RY: I really wanted to get back into consumer-facing applications. At that time the web was good at being a publishing model. The idea of using the web for collaboration, communication, and getting people to do that through more than email and instant messaging was new. Those were some of the things I was thinking about. I was also thinking about the growth in the US of Internet users. It seemed there was huge opportunity internationally.
The first way we started to take advantage of that was replicating what Match.com did. I thought there was an opportunity to do the same thing internationally. I built a competitor to Match.com and launched it in the beginning of 2003. I did that for about four or five months and quickly realized it was not the kind of business I wanted to be in long term. It was a turn model. The media was used to acquire users, and they stayed for three months and then moved on.

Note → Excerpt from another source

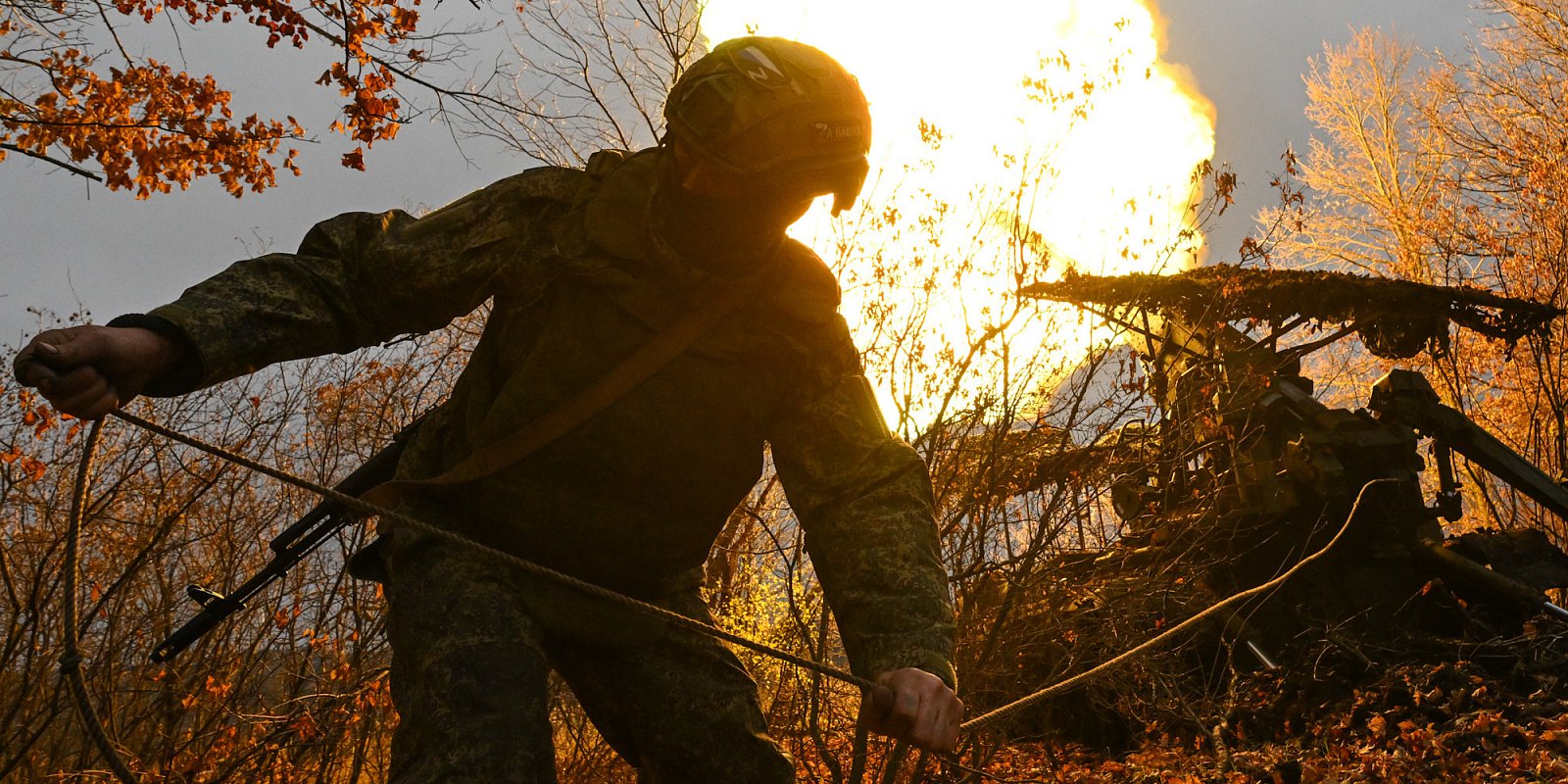 Фото: Станислав Красильников / РИА Новости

SM: Was that when Friendster was going?
RY: Friendster had launched in early 2003, I believe. There were a lot of lessons from that as well. If you look at search, social networking, and a bunch of similar categories, they all seem to go through evolutions. Friendster was first generation. Some of the things we learned from them were that scale really matters. If you are going to build a service and it has a good chance of becoming very popular, make sure you address the skill needs up front.
SM: In your analysis was that their main problem?

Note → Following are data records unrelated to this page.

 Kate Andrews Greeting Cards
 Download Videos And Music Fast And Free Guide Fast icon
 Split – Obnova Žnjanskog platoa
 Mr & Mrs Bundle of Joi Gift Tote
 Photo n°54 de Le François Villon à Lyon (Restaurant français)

RY: I don’t know enough about what was happening inside of the company. Externally there was a big problem. Users could not get to the site and could not register. They could not log into the site as often as they wanted.
Scale is really a simplified version of it. It really comes down to how they approached the problem, the technology used, and the product provided. The organization needs to be focused on the goals for success and what the usage is going to be. There may be other things as well. I think they were trying to do a lot early on. The lesson I have learned from many businesses is focus. Both picking the businesses initially as well as deciding the order of areas to pursue.